Because so much of the data collection for Google Maps is automated, the first drafts of the maps often lack the ability to match a specific number to a specific building, meaning maps can’t always highlight a particular building (or part of a larger building) in a street.
One way round this is to automatically hunt for building numbers that appear in the images captured for the Street View images. That’s not always easy as the numbers on the side of buildings appear in many different typefaces at different sizes and with differing degrees of contrast to the backgrounds.
In a paper published via Cornell University, Google researchers have rethought the way this recognition works. It says traditionally computer systems work on image recognition in three distinct steps: figuring out what part of the image actually houses the characters, breaking it down into manageable sections, then recognizing it piece by piece.
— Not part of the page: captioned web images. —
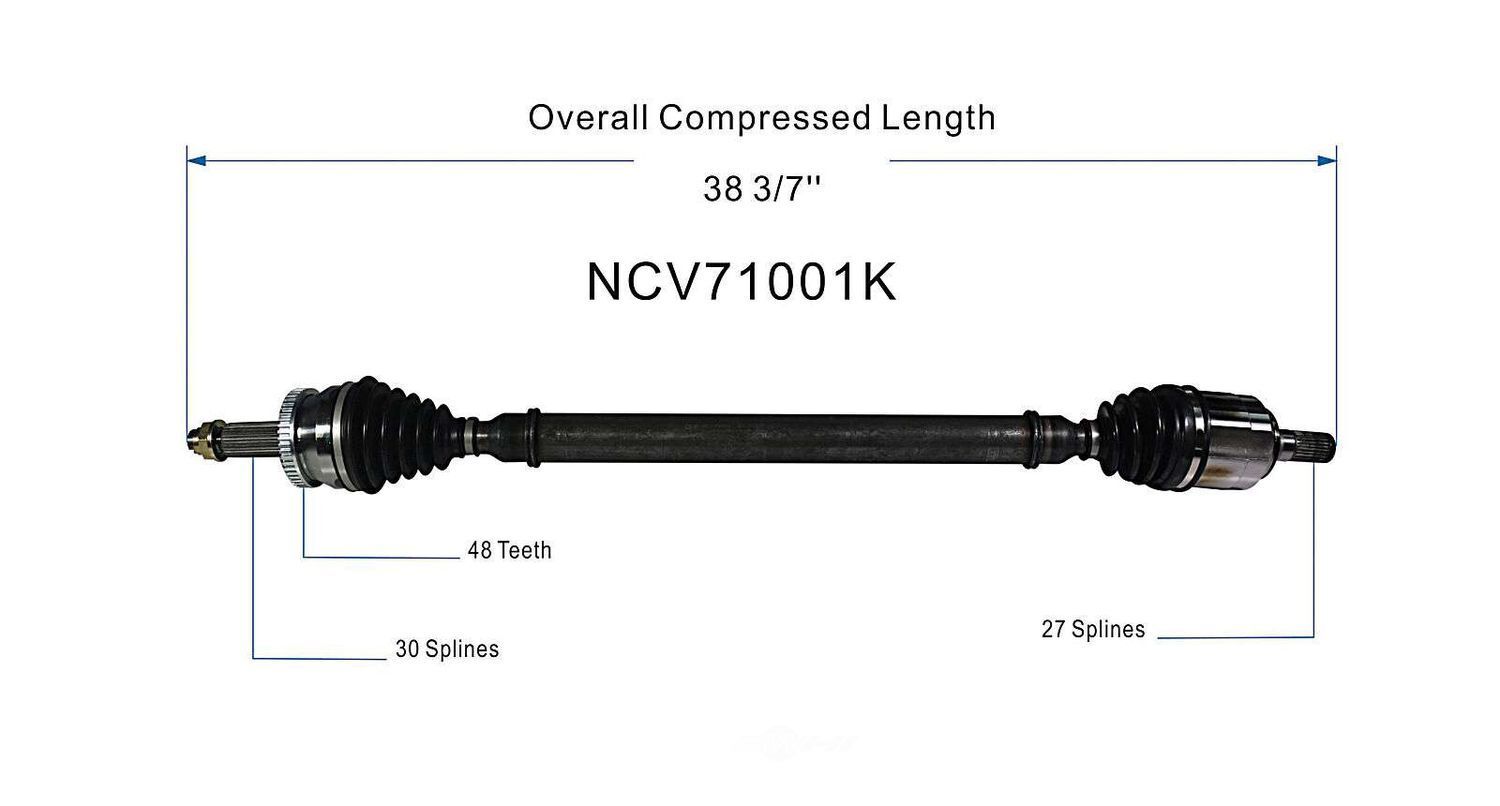 Right New CV Complete Assy   GSP North America   NCV71001K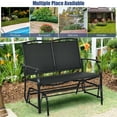 thumbnail image 5 of Costway Patio Glider Rocking Bench Double 2 Person Chair Loveseat Garden Black, 5 of 10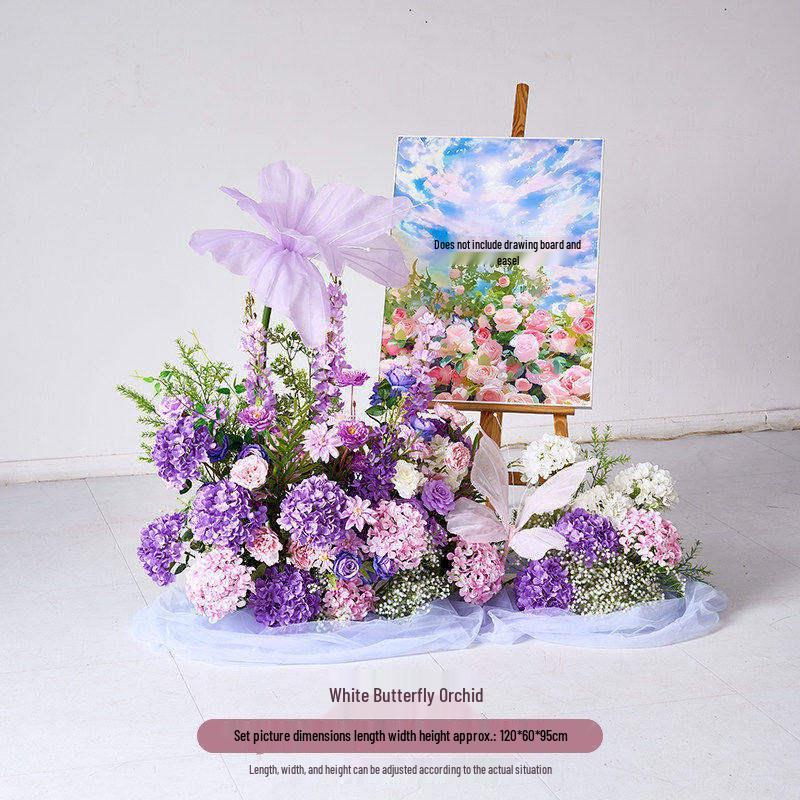 Monet Garden Purple Artificial Floral Decorations for Spring Landscaping Ornaments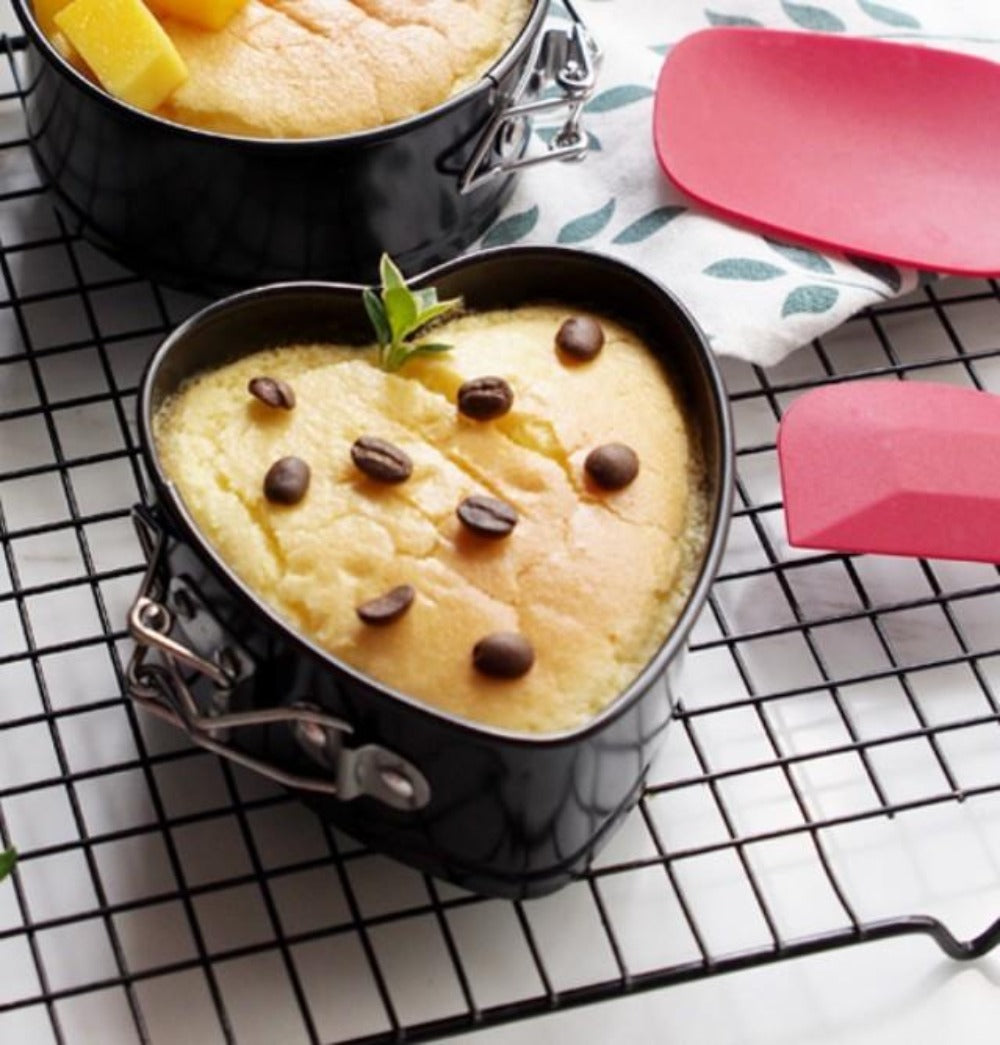 Non-Stick Love Heart Shape Cake Mold 2 units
In this case, the researchers instead developed what they call “a deep convolutional neural network that operates directly on the image pixels.” In simpler terms, they tried to develop a system that looks at the entire image and tried to recognize characters in a single process. That’s the technique humans use and has usually been considered as a task computers can’t perform as quickly.
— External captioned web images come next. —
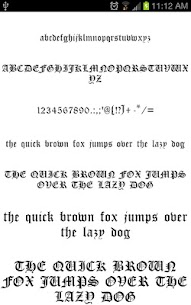 Old English Fonts for FlipFont For PC installation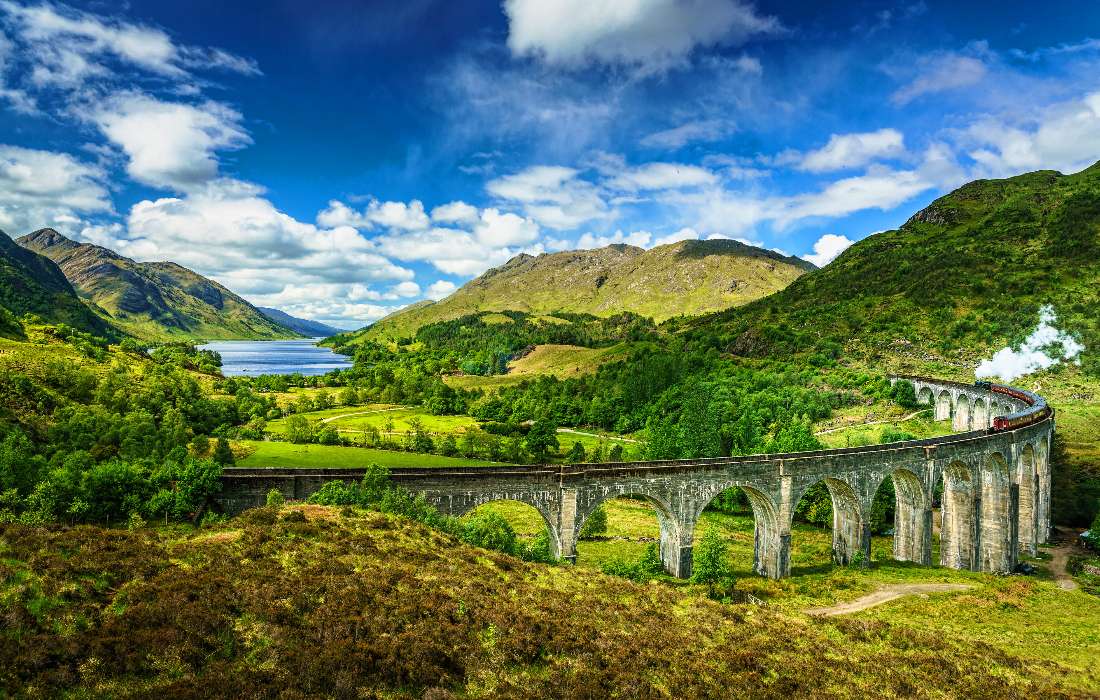 Szkocja-Glenfinnan Viaduct West Highland Line puzzle online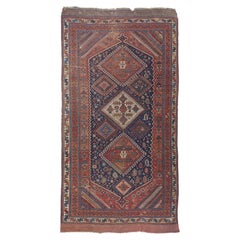Antique Persian Qashqai Rug 4’7" x 9’6”
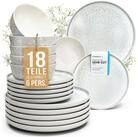 PURE LIVING INTERIOR DESIGN Geschirr-Set Steingut Geschirrset 6 Personen Ibiza 18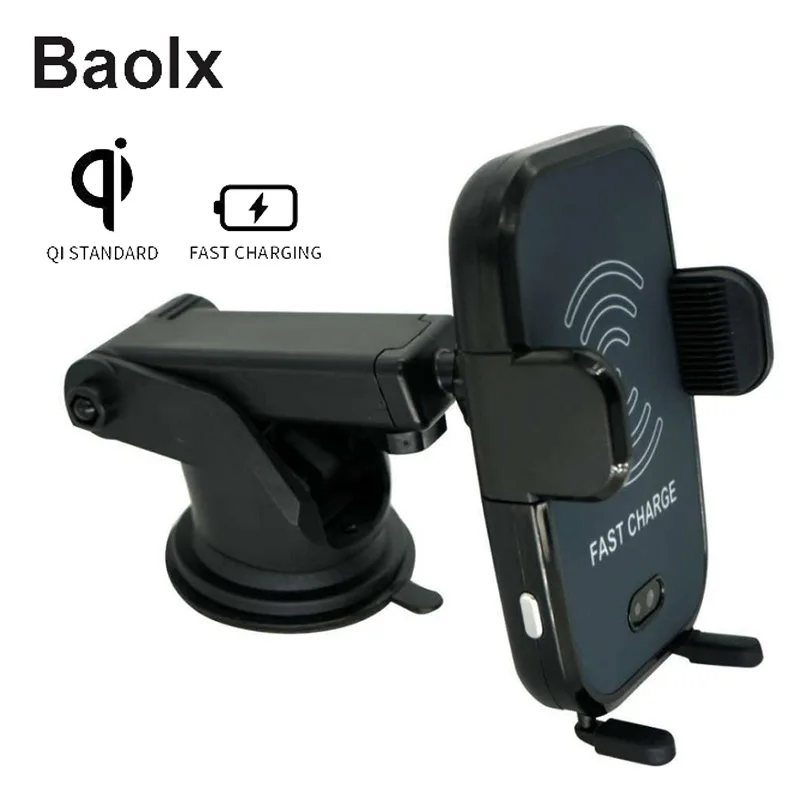  10W quick Qi Wireless Charging Pad Automatic fast Car Wireless Charger Holder Car Air Vent Mount Fo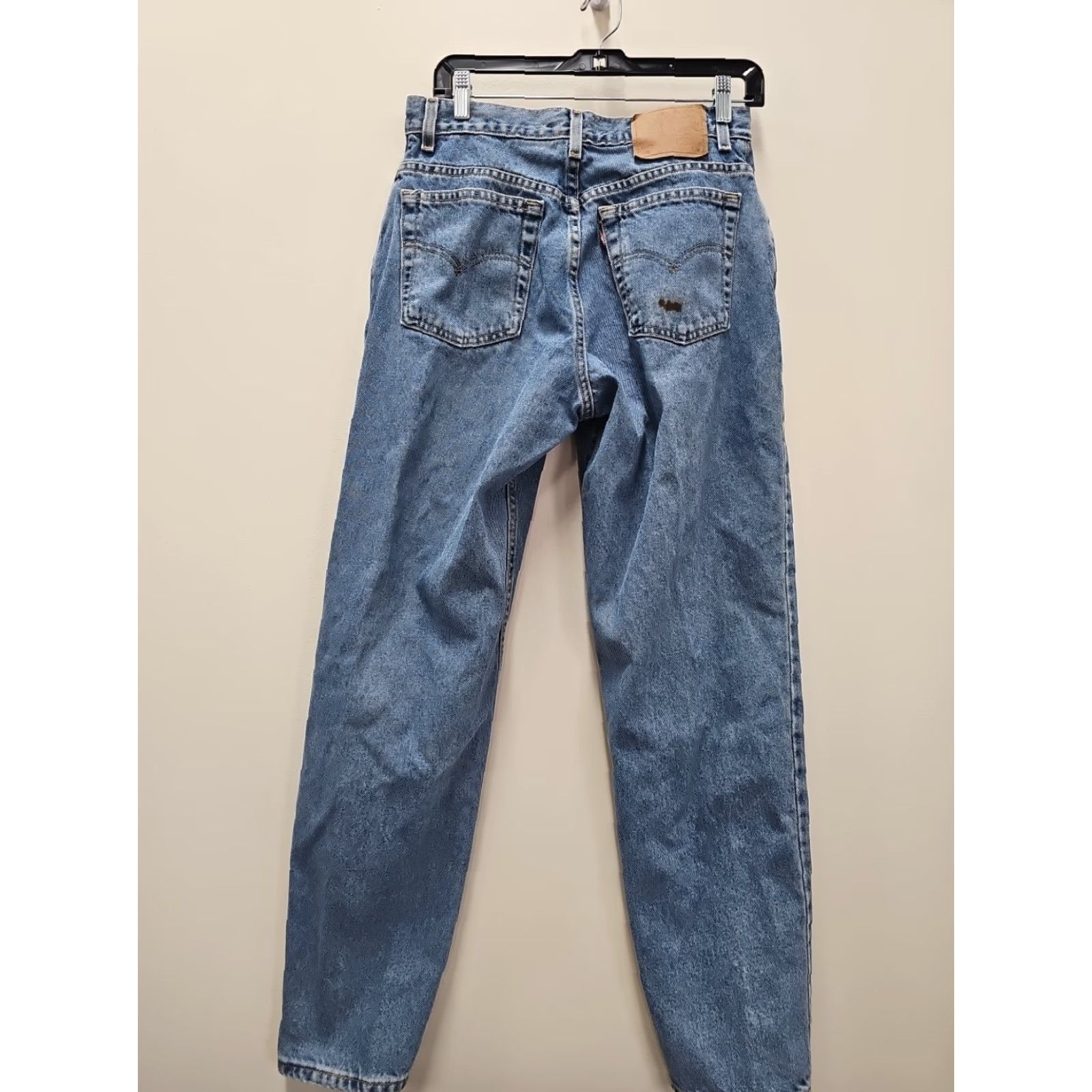 Levi's VINTAGE Levi’s 550 Denim Jeans Women’s Size 12 Regular Blue 5-Pocket Design 90s Size 34" / US 12 / IT 48 - 6 Thumbnail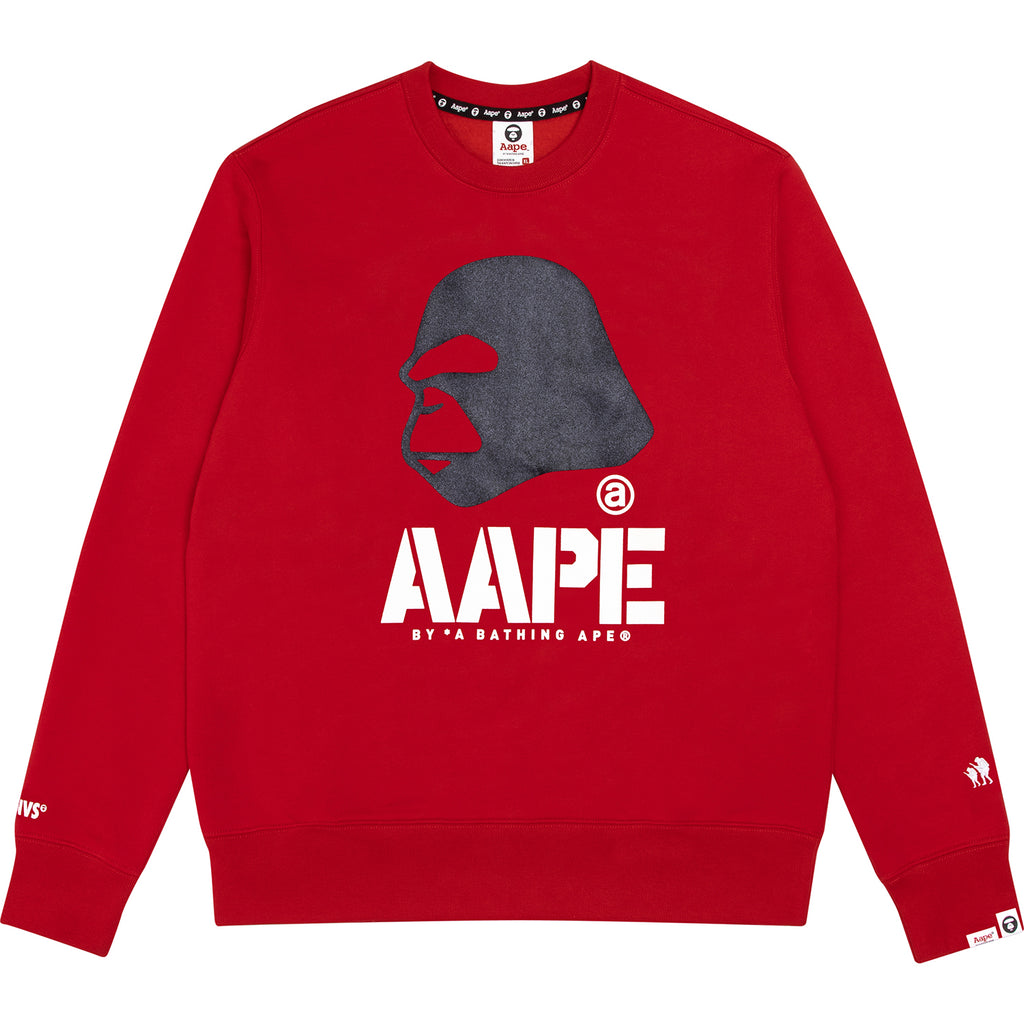 AAPE METALLIC EMBLEM LOGO SWEATSHIRT | AAPE US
The researchers say they initially tested their algorithm on the Street View House Numbers (SVHN) dataset, a selection of images Google makes publicly available for testing and refining automated recognition tools. The algorithm successfully recognized 96 percent of complete numbers and 97.84 percent of individual digits.
They then turned to the complete Google database, which contains many images considered too difficult to be worth including in SVHN. Here they still managed 90 percent accuracy.
Realizing the technique might work in other areas, the researchers then tried the algorithm on reCAPTCHA, Google’s own system used to distinguish between humans and bots. Not only does reCAPCTAH use letters as well as numbers, but it also distorts the image. The idea is that humans can quickly piece together and reverse-engineer the effects of the distortion, whereas a computer is forced to try out every possible change to get back to the original image and then recognize the characters.
According to the researchers, the algorithm was able to get 99.8% accuracy on the hardest category in the reCAPTCHA test.
Google now concedes that reCAPTCHA as it stands may no longer be sufficient to distinguish between human and machine:
Thanks to this research, we know that relying on distorted text alone isn’t enough. However, it’s important to note that simply identifying the text in CAPTCHA puzzles correctly doesn’t mean that reCAPTCHA itself is broken or ineffective. On the contrary, these findings have helped us build additional safeguards against bad actors in reCAPTCHA.
Understandably Google isn’t detailing these changes, which have involved cooperation between the researchers and the reCAPTCHA department. However, the paper suggests the simplest option is to make the CAPTCHA text longer, something that not only requires more computer resources to automatically crack, but also increases the significance of whatever error rate does exist.
It also suggests a more effective change would be to have the CAPTCHA text sliding around over a static image background, effectively creating a moving target for automated recognition.